Die Einführung regulatorischen Krisenkapitals in Form von Contingent Convertible Bonds (CoCos)

Bei der Unternehmensfinanzierung kommt der Fremdfinanzierung eine disziplinierende Wirkung insoweit zu, als durch Fremdkapital der Handlungsspielraum des Managements zur Vornahme unrentabler oder zur Übernahme hochriskanter Geschäfte verringert wird. Zinszahlungen und die bei Fälligkeit zu entrichtenden Tilgungszahlungen sind nämlich unabhängig von der wirtschaftlichen Situation des Unternehmens vorzunehmen, sodass das Management zur Vermeidung einer Insolvenz darauf hinarbeiten muss, stets genügend Mittel zur Befriedigung der Gläubigeransprüche vorzuhalten. Dieser Zusammenhang gilt für alle Unternehmen. Bei Banken wird allerdings die disziplinierende Wirkung des Fremdkapitals dann mehr oder weniger außer Kraft gesetzt, wenn die Gläubigerforderungen gegen Ausfallrisiken von dritter Seite geschützt sind.

"Too-Big-To-Fail"-Doktrin

Ein solcher Schutz ist im Bankenbereich durch die verschiedenen Einlagen- und Institutssicherungssysteme für Kundeneinlagen und durch die "Too-Big-To-Fail"-Doktrin für die Interbankeneinlagen gegeben, sofern der Staat eine implizite Garantie für das Überleben systemrelevanter Banken übernommen hat. Die impliziten und zum Teil gesetzlich verankerten Sicherungsmechanismen führen also dazu, dass die Bankgläubiger keine Ertrags-Risikoabwägungen anstellen müssen, sondern ihre Mittel ohne Bedenken dem Institut mit den höchsten Zinsversprechungen überlassen können, dessen Verschuldungsmöglichkeiten seinerseits durch die übernommenen Risiken nicht begrenzt werden. Die Höhe der Verschuldung von Banken wird dann nur durch bankaufsichtliche Bestimmungen über ein im Hinblick auf die gemessenen Risiken "angemessenes" haftendes Eigenkapital beziehungsweise durch die unmittelbare Vorgabe einer Leverage Ratio beschränkt.
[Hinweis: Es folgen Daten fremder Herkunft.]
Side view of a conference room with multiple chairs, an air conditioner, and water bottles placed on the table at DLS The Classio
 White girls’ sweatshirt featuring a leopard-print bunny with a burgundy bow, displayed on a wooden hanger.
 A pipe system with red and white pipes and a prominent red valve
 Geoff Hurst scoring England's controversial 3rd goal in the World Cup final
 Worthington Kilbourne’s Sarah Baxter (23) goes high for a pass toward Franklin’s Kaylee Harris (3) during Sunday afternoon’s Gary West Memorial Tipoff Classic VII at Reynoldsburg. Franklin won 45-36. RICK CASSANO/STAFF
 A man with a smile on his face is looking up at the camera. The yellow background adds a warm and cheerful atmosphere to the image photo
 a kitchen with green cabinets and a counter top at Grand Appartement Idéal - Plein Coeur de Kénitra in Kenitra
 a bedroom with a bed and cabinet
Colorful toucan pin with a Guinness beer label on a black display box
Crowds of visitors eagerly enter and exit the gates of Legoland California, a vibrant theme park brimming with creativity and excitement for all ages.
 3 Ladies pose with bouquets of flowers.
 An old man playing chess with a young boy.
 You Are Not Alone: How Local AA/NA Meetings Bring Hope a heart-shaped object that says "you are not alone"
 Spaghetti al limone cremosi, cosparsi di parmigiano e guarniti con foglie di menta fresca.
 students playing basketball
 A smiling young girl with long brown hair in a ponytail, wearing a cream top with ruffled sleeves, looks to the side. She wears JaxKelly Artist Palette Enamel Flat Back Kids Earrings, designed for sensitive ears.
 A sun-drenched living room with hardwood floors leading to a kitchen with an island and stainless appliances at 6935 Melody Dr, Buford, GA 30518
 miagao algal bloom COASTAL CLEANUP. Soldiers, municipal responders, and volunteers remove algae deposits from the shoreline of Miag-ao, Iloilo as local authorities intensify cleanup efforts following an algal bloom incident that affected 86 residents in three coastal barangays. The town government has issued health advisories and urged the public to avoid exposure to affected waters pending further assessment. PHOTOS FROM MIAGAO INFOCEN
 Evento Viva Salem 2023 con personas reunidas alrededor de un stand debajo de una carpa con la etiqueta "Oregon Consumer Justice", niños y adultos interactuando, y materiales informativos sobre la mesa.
Ausbruch und Verlauf der internationalen Finanzkrise haben nun deutlich gemacht, dass es gelingen muss, die disziplinierende Wirkung des Fremdkapitals im Hinblick auf die Risikoübernahme wieder in Kraft zu setzen beziehungsweise zu steigern, wozu verschiedene Maßnahmen ergriffen werden können.1) Erstens können die regulatorischen Eigenkapitalanforderungen erhöht werden, was als Reaktion tatsächlich auch über die in Basel III geplante Erhöhung der Mindesteigenkapitalunterlegung gemessener Risiken, die Verschärfung der Anforderungen an die Qualität des haftenden Eigenkapitals und die Einführung einer von den gemessenen Risiken unabhängigen Begrenzung des Verschuldungsumfangs erfolgen soll. Zweitens kann ein Restrukturierungsregime eingeführt werden, das dazu führt, dass die "Too-Big-To-Fail"-Doktrin für die Bankgläubiger weiterhin gilt, aber dafür sorgt, dass die Eigentümer der Bank und ihr Management zur Verantwortung gezogen werden.2) Ein solches Restrukturierungsregime wirkt sozusagen ex post, wenn eine Insolvenzlage der Bank eingetreten ist, aber die negativen Konsequenzen der Insolvenz verhindert werden sollen.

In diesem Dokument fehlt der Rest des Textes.